╭──
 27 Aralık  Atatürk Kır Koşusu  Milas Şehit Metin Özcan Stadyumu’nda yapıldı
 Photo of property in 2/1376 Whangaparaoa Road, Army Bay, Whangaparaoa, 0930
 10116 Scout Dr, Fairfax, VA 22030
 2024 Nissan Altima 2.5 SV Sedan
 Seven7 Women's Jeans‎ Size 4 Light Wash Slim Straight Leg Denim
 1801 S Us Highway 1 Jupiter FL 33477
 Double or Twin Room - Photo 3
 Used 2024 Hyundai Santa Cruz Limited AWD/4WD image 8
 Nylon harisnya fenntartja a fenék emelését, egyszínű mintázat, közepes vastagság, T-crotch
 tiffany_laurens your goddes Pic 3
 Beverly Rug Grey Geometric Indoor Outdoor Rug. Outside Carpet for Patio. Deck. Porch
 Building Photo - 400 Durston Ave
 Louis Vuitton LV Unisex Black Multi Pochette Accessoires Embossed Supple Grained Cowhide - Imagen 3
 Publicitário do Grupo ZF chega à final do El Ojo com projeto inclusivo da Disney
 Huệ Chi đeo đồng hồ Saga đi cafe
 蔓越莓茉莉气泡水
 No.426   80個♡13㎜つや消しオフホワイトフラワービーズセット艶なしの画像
╰──
> Work instructions: The answer should consist only of the lines from the one with "Louis Vuitton LV" to the final line of the records above, retyped word for word.

> Task solution:
 Louis Vuitton LV Unisex Black Multi Pochette Accessoires Embossed Supple Grained Cowhide - Imagen 3
 Publicitário do Grupo ZF chega à final do El Ojo com projeto inclusivo da Disney
 Huệ Chi đeo đồng hồ Saga đi cafe
 蔓越莓茉莉气泡水
 No.426   80個♡13㎜つや消しオフホワイトフラワービーズセット艶なしの画像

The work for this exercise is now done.